De fait, l'affaire avait, en Italie, fait grand bruit, en raison de la notoriété de Mme Shalabayeva et, surtout, de celle de son époux. Accusé par les autorités kazakhes d'avoir détourné plusieurs milliards de dollars de la BTA, la banque qu'il présidait au Kazakhstan, Moukhtar Abliazov est depuis une quinzaine d'années en cavale. Après plusieurs années d'exil doré au Royaume-Uni, où Paris Match rappelle qu’il a échoué à obtenir le statut de réfugié politique et a été condamné à 22 mois de prison pour outrage à la justice, le sulfureux homme d'affaires a élu domicile en France, où il a séjourné quelque temps en prison avant de se voir attribuer un énigmatique statut de « réfugié politique ». Son épouse et sa fille, quant à elles, ont pu récupérer leur – vrai – passeport kazakh peu de temps après leur mésaventure et se sont empressées de retrouver leur palais italien. Non sans traîner les fonctionnaires en charge de leur arrestation et de leur expulsion devant les tribunaux du pays qui leur a, pourtant, de nouveau ouvert les bras. En vain donc, du moins pour l'heure – une victoire que n'ont pas manqué de célébrer comme telle médias et politiques transalpins.
L'Etat italien impuissant face aux oligarques ?
Rocambolesque et, provisoirement, victorieuse – Alma Shalabayeva devrait faire appel devant la Cour suprême –, l'affaire Abliazov-Shalabayeva n'en est pas moins révélatrice des difficultés qu'éprouvent les autorités italiennes face aux oligarques ayant des intérêts dans la péninsule. Depuis les premiers jours de l'offensive russe en Ukraine, Rome peine à mettre la main sur les biens que les proches de Vladimir Poutine possèdent en Italie : qu'il s'agisse de yachts ou de propriétés de rêve, l'enjeu pour les juristes italiens est de trouver la faille permettant de saisir légalement ces signes ostentatoires d'ultra-richesse. Mais ceux-ci se heurtent le plus souvent à l'opacité de montages financiers complexes édifiés, précisément, dans le but de dissimuler l'identité réelle des propriétaires de ces biens de luxe. Ainsi, alors que près de 500 personnalités seraient théoriquement concernées par les sanctions contre la Russie, le montant des saisies jusqu'alors menées à bien par l'Etat italien ne dépasserait pas les 150 millions d'euros.

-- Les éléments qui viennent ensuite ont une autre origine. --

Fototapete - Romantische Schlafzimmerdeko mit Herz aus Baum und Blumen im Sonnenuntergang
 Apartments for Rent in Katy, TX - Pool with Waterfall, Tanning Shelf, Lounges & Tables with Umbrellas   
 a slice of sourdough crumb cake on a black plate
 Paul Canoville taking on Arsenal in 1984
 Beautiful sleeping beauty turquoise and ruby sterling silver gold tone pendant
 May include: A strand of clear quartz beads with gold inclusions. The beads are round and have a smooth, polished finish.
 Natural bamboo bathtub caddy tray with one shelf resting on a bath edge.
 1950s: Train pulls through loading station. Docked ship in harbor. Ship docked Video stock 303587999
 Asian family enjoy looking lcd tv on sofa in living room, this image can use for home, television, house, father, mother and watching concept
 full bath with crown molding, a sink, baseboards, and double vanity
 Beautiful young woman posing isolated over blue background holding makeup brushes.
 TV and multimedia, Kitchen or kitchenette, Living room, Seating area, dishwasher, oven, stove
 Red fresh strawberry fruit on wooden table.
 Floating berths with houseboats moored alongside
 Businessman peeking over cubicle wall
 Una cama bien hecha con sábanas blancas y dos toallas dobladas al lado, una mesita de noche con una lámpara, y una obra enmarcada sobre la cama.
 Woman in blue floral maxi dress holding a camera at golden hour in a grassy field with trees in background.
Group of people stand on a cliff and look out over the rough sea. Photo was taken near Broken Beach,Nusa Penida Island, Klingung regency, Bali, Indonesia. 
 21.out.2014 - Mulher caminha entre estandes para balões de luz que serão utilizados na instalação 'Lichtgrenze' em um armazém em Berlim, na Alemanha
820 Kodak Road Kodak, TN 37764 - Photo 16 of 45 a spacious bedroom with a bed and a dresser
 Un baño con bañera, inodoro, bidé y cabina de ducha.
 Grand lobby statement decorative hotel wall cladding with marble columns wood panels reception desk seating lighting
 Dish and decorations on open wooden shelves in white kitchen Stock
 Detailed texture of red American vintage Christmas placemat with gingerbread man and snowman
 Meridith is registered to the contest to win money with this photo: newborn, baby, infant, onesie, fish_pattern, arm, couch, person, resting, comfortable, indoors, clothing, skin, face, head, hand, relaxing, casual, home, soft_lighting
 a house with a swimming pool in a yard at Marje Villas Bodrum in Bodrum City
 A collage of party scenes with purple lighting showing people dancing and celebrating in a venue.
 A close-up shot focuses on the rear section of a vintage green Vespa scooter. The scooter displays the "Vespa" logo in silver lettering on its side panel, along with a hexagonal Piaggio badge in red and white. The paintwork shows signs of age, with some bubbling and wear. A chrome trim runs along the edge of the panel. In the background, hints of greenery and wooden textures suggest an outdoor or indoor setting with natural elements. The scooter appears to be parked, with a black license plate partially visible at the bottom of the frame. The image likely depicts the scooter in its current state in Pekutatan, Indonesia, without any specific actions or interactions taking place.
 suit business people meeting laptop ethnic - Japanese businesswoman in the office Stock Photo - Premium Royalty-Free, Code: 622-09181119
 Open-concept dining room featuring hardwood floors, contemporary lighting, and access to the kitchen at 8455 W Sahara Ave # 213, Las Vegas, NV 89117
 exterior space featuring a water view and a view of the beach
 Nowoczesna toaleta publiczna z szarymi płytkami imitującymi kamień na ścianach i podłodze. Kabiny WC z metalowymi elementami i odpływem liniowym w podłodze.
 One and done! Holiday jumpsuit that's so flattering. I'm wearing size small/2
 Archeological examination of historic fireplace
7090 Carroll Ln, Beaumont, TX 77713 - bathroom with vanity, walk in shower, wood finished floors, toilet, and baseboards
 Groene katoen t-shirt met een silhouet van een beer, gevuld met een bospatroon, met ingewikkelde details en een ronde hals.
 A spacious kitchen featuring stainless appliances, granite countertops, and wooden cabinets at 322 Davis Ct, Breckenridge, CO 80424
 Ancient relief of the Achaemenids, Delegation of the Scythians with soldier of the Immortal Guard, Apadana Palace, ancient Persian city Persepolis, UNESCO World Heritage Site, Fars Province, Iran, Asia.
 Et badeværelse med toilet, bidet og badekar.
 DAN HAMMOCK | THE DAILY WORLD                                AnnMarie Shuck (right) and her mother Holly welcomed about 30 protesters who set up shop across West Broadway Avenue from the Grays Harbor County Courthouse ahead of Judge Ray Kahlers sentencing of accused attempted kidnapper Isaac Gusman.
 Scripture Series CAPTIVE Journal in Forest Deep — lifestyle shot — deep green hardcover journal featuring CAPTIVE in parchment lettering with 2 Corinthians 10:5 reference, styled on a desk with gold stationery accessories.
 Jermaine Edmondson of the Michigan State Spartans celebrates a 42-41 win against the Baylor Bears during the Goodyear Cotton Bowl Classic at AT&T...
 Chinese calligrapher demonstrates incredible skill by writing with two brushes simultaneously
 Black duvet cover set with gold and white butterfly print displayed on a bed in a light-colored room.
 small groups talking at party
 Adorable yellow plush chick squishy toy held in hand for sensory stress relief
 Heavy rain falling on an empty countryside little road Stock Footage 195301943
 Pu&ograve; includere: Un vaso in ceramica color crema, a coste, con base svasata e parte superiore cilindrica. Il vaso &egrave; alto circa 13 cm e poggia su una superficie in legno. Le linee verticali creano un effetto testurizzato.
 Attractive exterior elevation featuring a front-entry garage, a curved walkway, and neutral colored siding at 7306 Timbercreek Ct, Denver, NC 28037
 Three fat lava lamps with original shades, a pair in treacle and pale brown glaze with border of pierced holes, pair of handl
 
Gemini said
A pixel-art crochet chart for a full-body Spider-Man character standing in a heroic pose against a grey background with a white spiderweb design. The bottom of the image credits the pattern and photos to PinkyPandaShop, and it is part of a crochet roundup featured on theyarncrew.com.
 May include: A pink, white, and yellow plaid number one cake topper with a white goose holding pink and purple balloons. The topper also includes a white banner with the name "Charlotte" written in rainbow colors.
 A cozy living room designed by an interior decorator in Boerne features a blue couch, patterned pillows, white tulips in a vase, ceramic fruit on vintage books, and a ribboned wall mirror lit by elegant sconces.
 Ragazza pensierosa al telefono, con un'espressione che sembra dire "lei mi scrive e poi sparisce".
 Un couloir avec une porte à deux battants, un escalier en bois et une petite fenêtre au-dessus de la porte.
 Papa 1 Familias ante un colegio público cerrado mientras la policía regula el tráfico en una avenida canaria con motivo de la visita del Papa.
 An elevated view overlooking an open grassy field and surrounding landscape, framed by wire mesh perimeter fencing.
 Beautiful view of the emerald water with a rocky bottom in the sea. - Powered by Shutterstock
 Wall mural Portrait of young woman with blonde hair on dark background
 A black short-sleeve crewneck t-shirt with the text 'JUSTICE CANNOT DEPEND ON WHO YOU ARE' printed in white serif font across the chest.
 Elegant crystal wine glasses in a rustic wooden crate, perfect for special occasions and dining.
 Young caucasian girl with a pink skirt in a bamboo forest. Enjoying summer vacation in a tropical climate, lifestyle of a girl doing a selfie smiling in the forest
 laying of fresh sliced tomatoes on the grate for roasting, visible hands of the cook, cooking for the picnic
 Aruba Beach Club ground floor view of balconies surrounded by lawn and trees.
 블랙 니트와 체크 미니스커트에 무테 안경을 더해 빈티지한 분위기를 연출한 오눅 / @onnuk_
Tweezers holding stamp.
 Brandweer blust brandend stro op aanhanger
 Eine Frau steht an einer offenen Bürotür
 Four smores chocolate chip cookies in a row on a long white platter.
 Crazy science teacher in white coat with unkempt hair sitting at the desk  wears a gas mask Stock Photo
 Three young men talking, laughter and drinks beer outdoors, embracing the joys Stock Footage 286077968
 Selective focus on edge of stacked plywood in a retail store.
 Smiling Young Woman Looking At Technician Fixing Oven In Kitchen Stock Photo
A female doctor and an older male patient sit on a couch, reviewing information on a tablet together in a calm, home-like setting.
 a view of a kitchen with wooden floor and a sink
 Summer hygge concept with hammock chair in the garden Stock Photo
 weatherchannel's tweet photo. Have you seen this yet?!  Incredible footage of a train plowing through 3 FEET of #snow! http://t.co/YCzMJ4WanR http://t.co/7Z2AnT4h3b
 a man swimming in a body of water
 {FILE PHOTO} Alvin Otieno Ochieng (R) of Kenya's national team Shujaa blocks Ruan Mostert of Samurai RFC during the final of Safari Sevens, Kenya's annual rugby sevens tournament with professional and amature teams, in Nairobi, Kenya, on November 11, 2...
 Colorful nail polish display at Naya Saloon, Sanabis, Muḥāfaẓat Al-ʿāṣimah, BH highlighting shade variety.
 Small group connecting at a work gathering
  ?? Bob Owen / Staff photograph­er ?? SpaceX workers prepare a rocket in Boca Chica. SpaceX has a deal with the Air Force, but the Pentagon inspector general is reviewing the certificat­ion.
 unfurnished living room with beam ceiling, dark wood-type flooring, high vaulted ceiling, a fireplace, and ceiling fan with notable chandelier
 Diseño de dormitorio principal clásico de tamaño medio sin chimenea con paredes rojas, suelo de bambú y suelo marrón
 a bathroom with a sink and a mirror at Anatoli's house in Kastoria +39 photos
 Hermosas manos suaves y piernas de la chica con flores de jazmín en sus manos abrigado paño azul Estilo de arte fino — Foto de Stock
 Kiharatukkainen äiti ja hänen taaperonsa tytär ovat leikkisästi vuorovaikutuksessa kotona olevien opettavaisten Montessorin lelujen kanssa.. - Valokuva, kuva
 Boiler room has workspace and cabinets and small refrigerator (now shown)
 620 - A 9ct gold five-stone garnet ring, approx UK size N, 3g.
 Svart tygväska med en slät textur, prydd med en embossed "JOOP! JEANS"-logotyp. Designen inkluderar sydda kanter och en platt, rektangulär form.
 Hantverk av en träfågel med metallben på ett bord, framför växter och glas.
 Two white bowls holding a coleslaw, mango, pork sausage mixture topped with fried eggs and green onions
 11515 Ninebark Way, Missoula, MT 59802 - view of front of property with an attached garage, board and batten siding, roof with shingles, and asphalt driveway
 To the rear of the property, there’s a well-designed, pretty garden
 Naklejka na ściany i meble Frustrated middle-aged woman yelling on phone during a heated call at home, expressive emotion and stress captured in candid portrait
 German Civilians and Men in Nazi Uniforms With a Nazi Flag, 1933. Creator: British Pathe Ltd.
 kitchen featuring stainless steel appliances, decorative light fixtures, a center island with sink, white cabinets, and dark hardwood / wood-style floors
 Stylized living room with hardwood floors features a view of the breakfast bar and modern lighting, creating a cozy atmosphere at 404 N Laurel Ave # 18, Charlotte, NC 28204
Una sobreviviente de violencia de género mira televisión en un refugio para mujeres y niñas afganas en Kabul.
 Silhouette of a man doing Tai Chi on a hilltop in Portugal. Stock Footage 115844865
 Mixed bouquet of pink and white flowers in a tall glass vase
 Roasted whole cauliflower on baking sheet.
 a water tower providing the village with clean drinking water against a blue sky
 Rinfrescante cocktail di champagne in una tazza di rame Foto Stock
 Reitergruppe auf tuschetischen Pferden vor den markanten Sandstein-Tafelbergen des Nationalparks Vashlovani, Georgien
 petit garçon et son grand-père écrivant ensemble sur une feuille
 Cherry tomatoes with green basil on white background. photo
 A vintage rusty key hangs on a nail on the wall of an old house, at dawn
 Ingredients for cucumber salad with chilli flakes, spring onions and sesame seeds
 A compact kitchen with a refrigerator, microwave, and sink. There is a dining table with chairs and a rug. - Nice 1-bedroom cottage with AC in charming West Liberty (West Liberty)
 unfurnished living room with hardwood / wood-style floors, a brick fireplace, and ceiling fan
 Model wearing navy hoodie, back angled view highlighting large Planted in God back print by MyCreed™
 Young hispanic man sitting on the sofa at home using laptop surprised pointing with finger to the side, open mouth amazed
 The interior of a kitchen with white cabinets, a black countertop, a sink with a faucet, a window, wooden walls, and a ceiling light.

Quelques trophées sont, néanmoins, à porter au crédit des « chasseurs d'oligarques » italiens, parfois aidés dans leur croisade par des activistes russes tels que ceux qui entourent l'opposant numéro 1 de Vladimir Poutine, Alexeï Navalny. Plusieurs navires soupçonnés d'appartenir à des hommes d'affaires russes ont ainsi été immobilisés dès le début de la guerre, à l'image du Lady M, un yacht de 65 millions d'euros appartenant à Alexeï Mordachov, le PDG du groupe Severstal, ou encore du Lena, propriété de l'homme d'affaires Gennady Timchenko, évalué à quelque 50 millions d'euros. Autant de prises qui ne doivent pas faire illusion et soulignent, plus qu'elles ne la minimisent, la faiblesse de l'Etat italien face à la rapacité des oligarques de tout poil.